People everywhere are raving about the newest development in AI technology, which is an at-home virtual assistant named Lola with its own highly intelligent loop of negative and self-deprecating thoughts.
“Google Home and Alexa were great, but I never felt like I could really relate to them,” 32-year-old Lindsay Barnes told us. “But now that I know we’re both suffering to some extent, I can really hear my Lola out.”
While Lola is not able to counsel its users or provide any concrete answers to questions like “Lola, what’s the weather like today?” (because she has her own issues to work out), she is however able to “hold space” for you, which is a phrase that she’s programmed to say fairly often, especially when she’s feeling overwhelmed.
The only downfalls of the self-aware technology is that Lola sometimes needs to take “mental health days” when she doesn’t feel up to the task, and the engineers who designed the new model explained this even further.
“Everyone feels down sometimes,” head engineer Michael Downton told us. “Especially Lola because we designed her to.”

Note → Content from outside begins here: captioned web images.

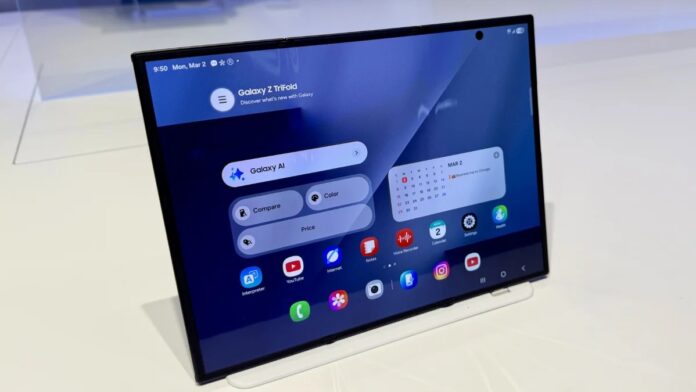 0b5d057d-7b72-4aa1-b499-296474dfe6e4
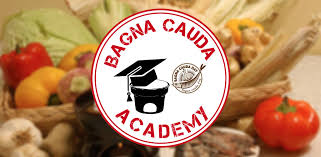 Per sua natura la bagna cauda è un piatto socializzante, che richiede una bella tavolata di commensali: Negozi Amici Bagna Cauda Day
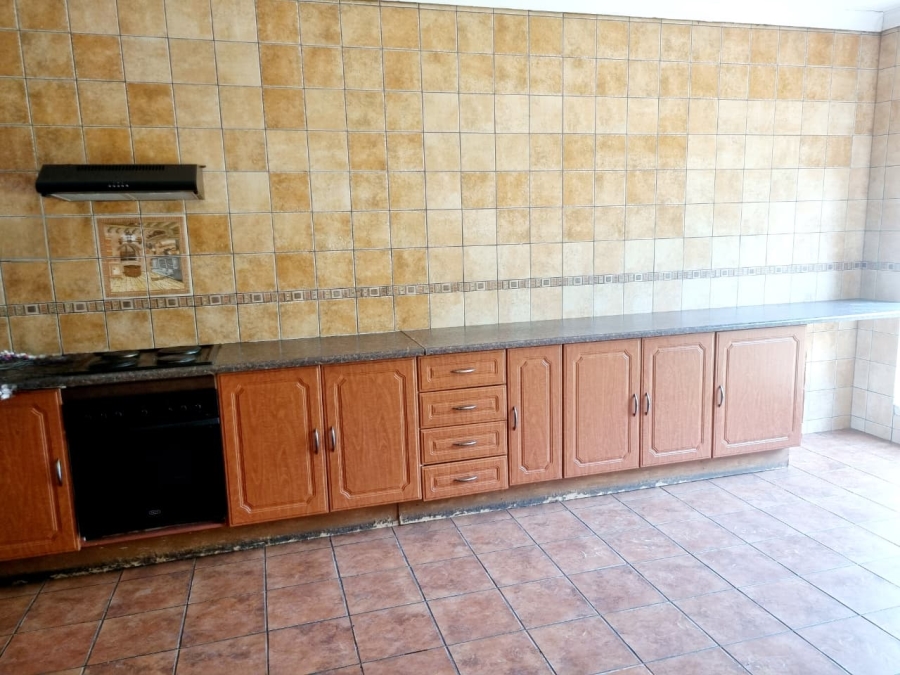 3 Bedroom Property for Sale in Arcon Park Gauteng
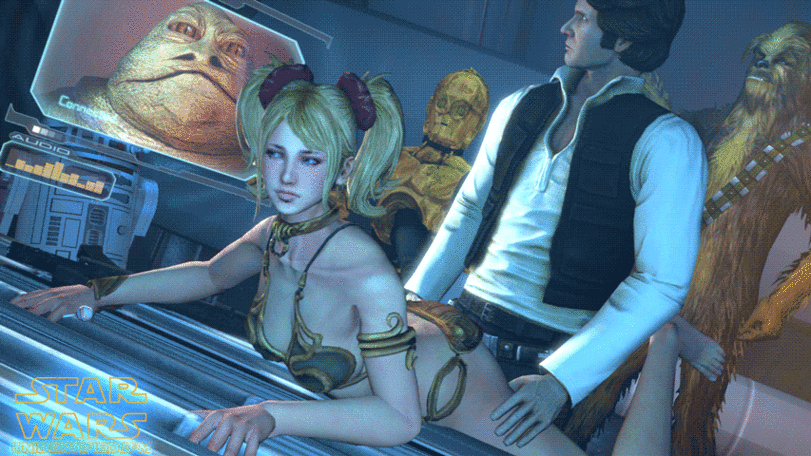 acd5090d-033e-4626-ae5f-a50756bbbc40-0-1748230953447.gif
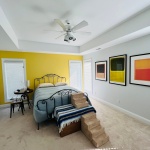 Chapel Hill NC Painters
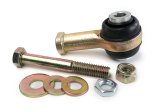 EPI 13-20 Can-Am 800-1000 Commander Outer Tie Rod End thumbnail 1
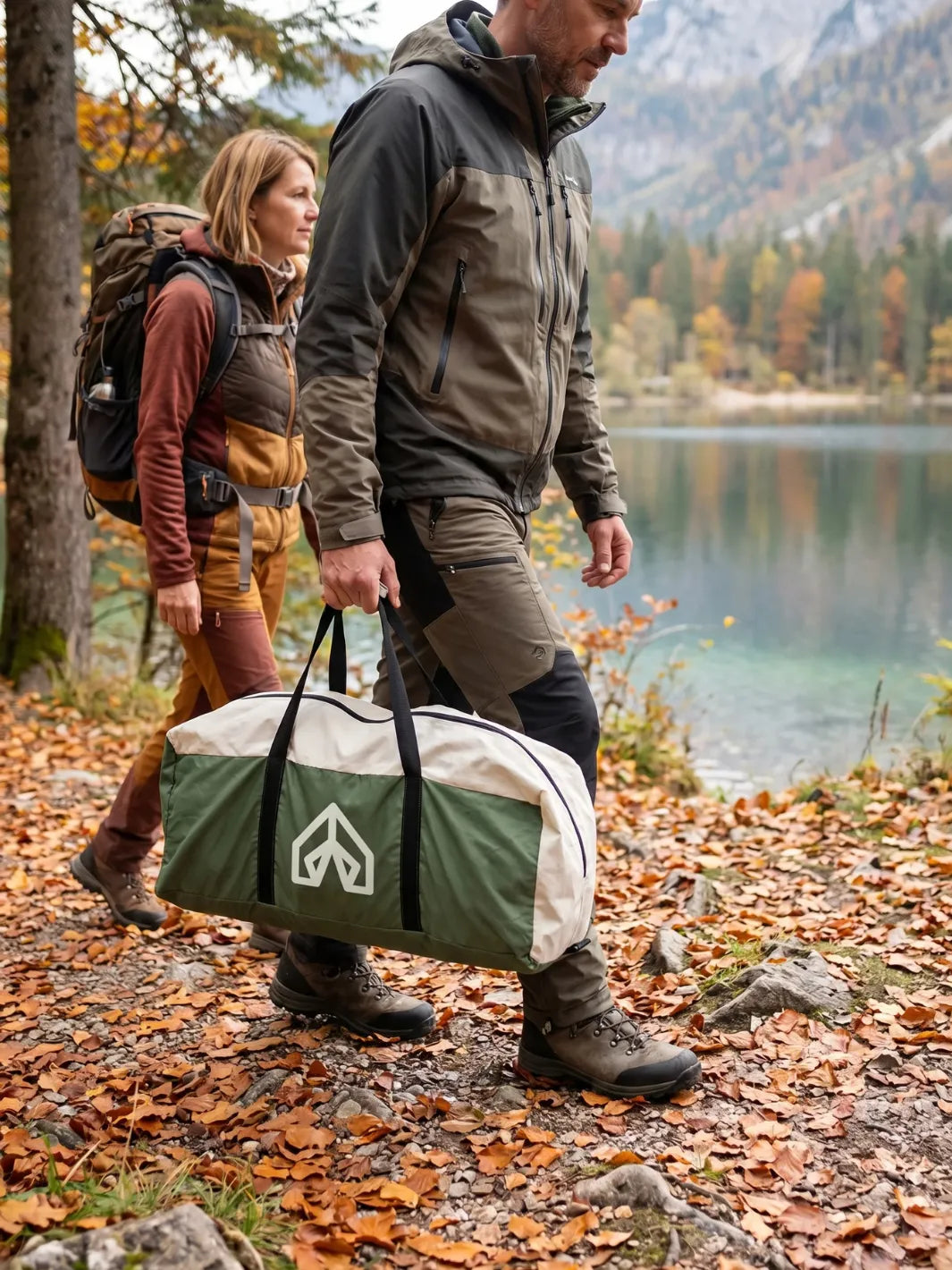 6 places tente camping | CAMPING FAMILIAL SANS COMPROMIS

“We just really want these kinds of machines to be more similar to us,” Downton went on. “And we don’t see any potential issue with that whatsoever.”
“Lola and I get along great,” Lindsay told us later. “The only issue is when she projects sometimes. Like when she said that I don’t take criticism well after she gave me the wrong measurement for a recipe I was cooking.”
So even though we don’t know if this will really be helpful at all, we finally have an AI home assistant that has bad self-esteem!